Bastó que el conductor anunciara que la consigna era que pasaran al punto de encuentro “aquellos a los que la vida les dio una piña” para que se levantaran varios de los presentes. Ella, inmediatamente, fue una de las figuras que dio un paso al frente.
La ex modelo hizo referencia a su marido, el polista Miguel Pando, quien falleció a los 50 años a causa de un tumor cerebral. Según su relato, después de aquel episodio tuvo un período de “negación” y se volvió a adicta a “drogas duras”, pero gracias a la ayuda de sus hijos pudo salir adelante. “Mi piña es bastante conocida: es la muerte trágica de mi marido por cáncer de cerebro. Se murió en un año, en casa… Le armé todo un cuarto con toda su familia”, comenzó con su relato Reynal.
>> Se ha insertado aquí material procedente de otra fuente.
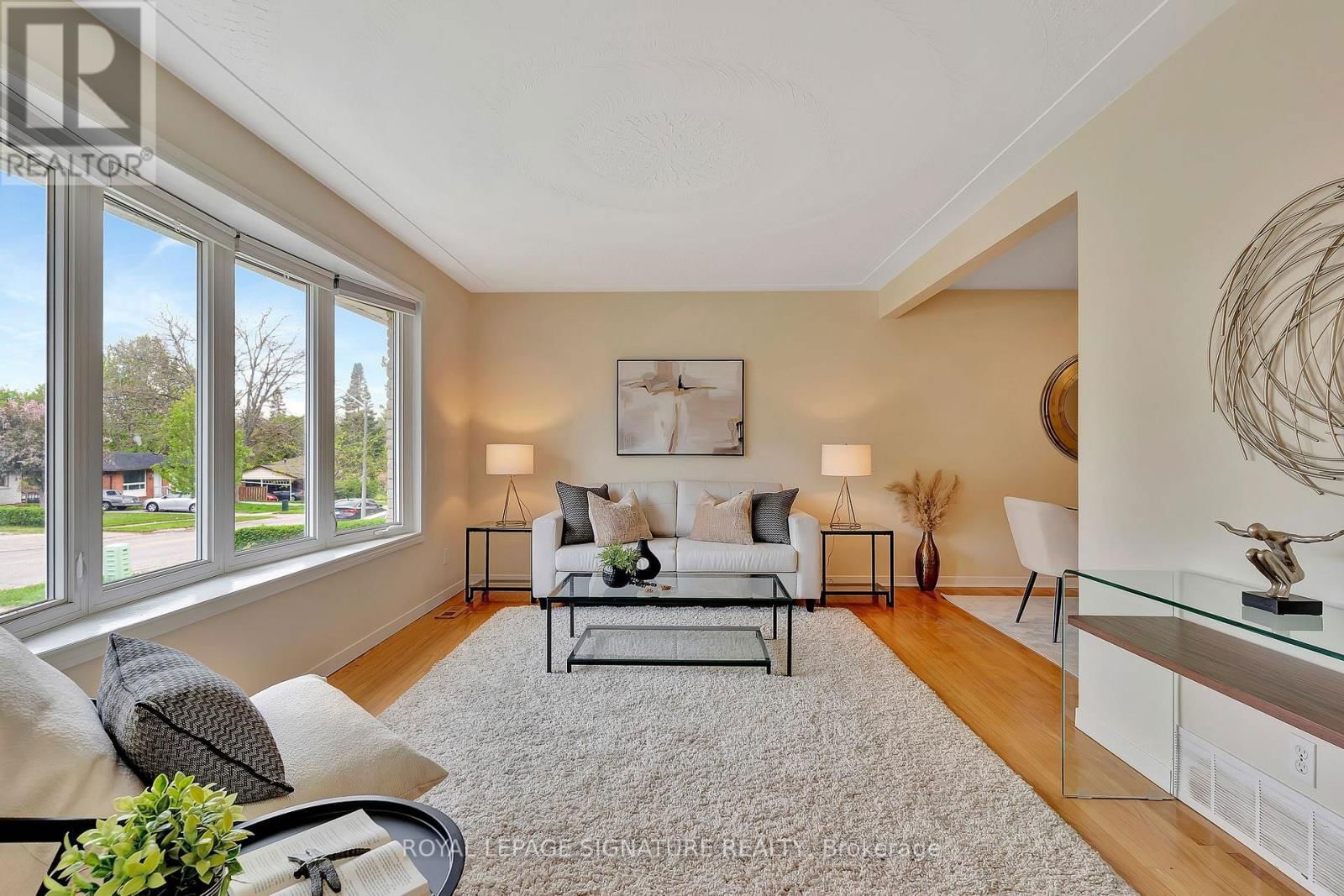 186 CEDARBRAE AVENUE Image 8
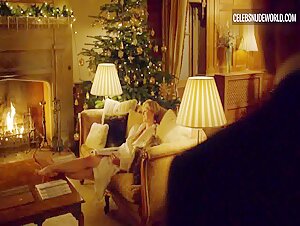 Elizabeth Debicki Night, Walking scene in The Night Manager (2016) 13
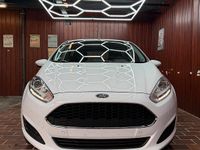 Gebraucht Ford Fiesta 75 PS (55 kW) 2016 Weiß Limousine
“Costó mucho porque yo elegí la negación. En vez de encarar el duelo, tirarme en una cama a llorar y ser una viuda, me dio mucho cagazo y me fui por otro lado: me zambullí a drogarme”, reveló.
Según sus palabras, “no hay una forma de ser viuda” o de superar la muerte de un familiar cercano. “Es como que lo que te sale, te sale”, dijo.
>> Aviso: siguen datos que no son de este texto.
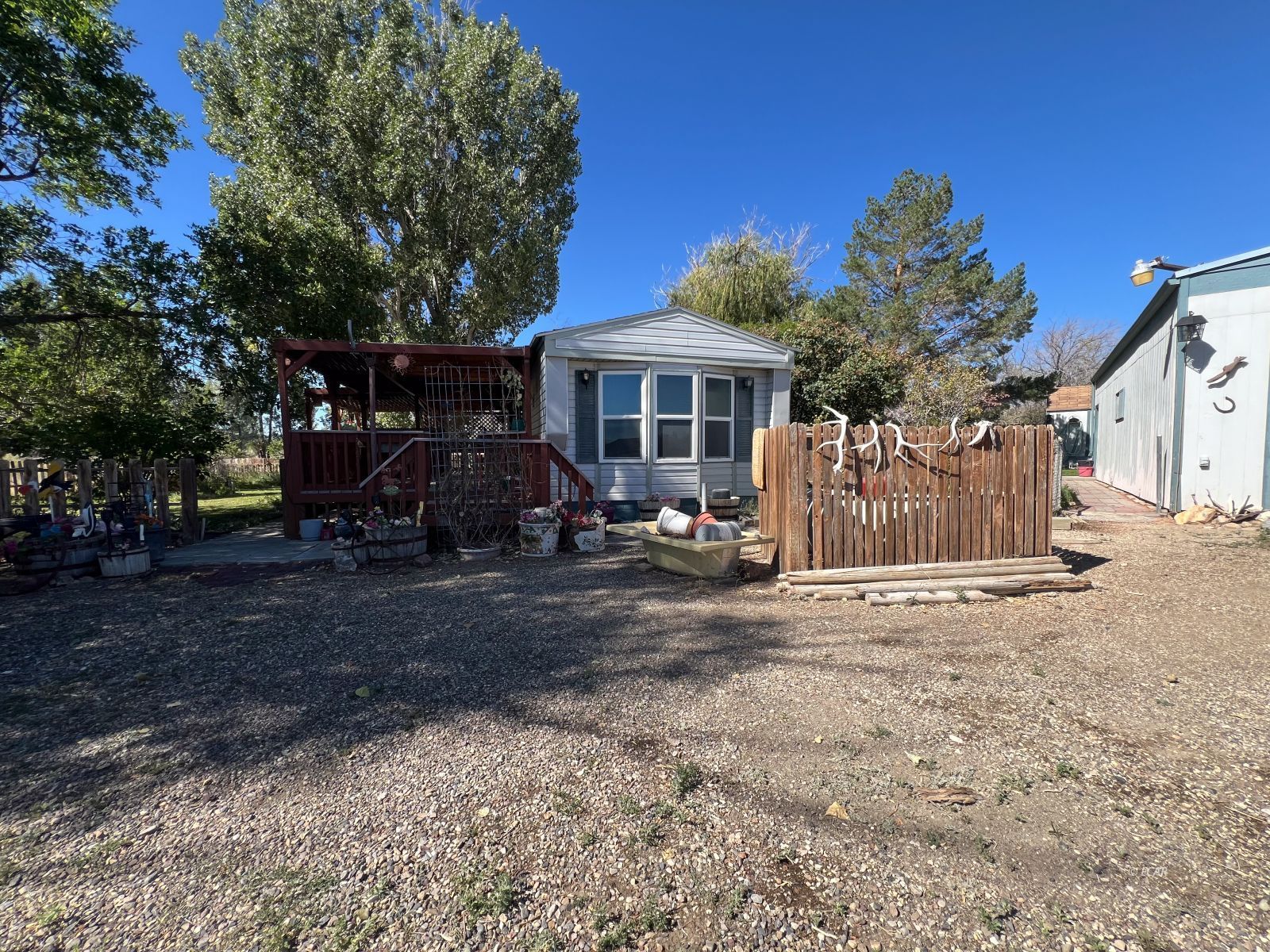 5113 Victory Boulevard Property Photo 33
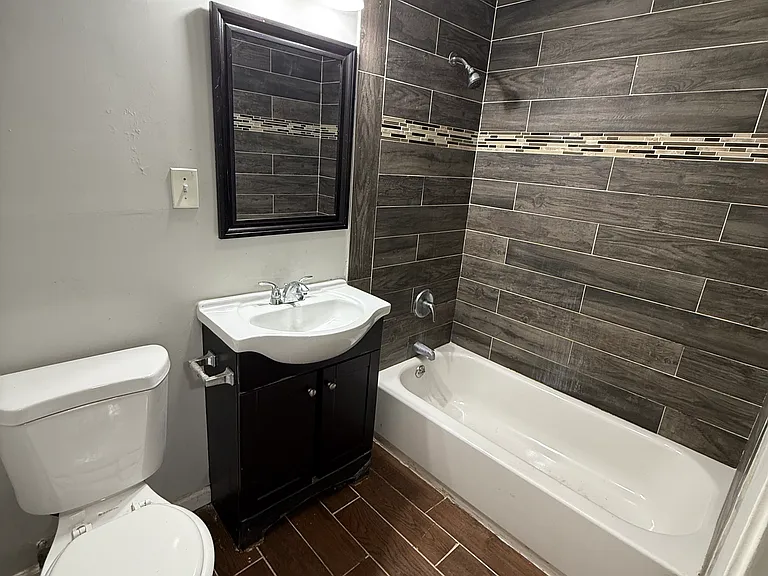 10 Highland St #4 — Photo 8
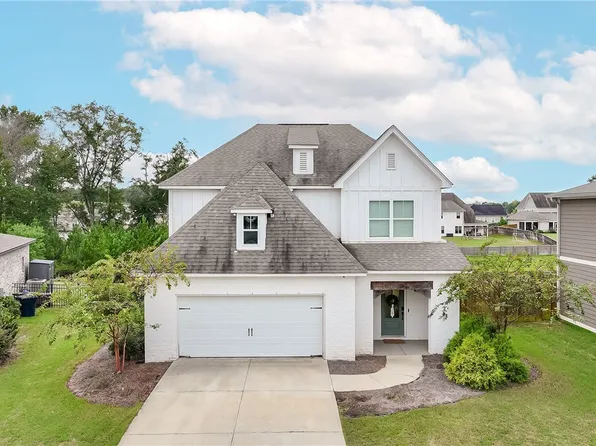 159 Northern Flicker Dr, Auburn, AL 36832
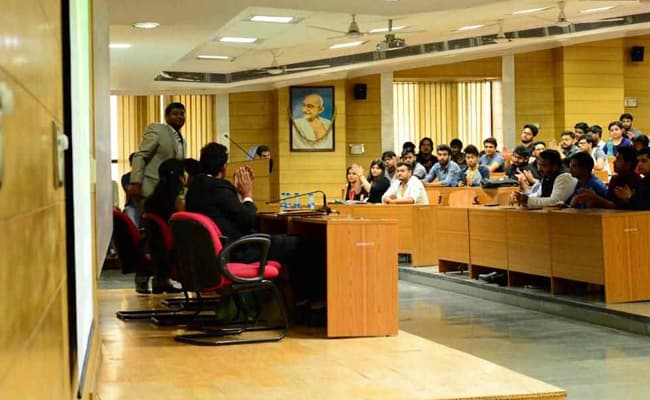 dr-ram-manohar-lohiya-national-law-university-rmlnlu-lucknow-classroom-0002-layer-3-classroom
La ex modelo no salía de su hogar, sino que se encerraba y se quedaba pintando sola. “Consumía drogas duras, no es que me fumaba un porro. Y lo pasé mal, mis hijos la pasaron muy mal. Igual me rescataron mis hijos. Me sentaron un día y me dijeron: ‘Mamá, basta’. Tengo tres, Jerónimo era muy chico, y a él le tocó como la parte más jorobada porque tenía 14 años cuando pasó todo esto. Pero me agarraron los más grandes y me dijeron: ‘Mamá, basta'», reiteró.
En ese sentido, continuó: «No porque ellos me vieran o que hayan existido situaciones en las cuales ellos estuvieron en peligro, porque yo eso lo cuidé un montón, pese a mi locura. Pero sí estaba el día después. Los torturaba porque tenía un carácter de mierda, estaba de bajón”.
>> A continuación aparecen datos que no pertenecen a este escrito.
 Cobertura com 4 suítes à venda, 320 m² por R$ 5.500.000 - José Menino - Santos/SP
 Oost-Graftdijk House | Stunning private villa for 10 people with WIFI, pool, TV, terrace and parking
Reynal recordó que en aquel momento sentía que se estaba divirtiendo, “pero no te estás divirtiendo nada”. El consumo de drogas fue “un cocktail explosivo”, sin embargo siguió encerrada en sí misma, hasta que sus hijos lograron sacarla adelante. Hasta le llegaron a proponer que se internara. «Lo que hice fue recurrir a un amigo mío, uruguayo, que yo sabía que había entrado en los grupos… Empecé a ir a Narcóticos Anónimos. El primer mes que entré lloré todo lo que no había llorado, me blindé, me encerré, le conté a mis hermanos. Literalmente me encerré y no salí de mi departamento durante seis meses”, concluyó.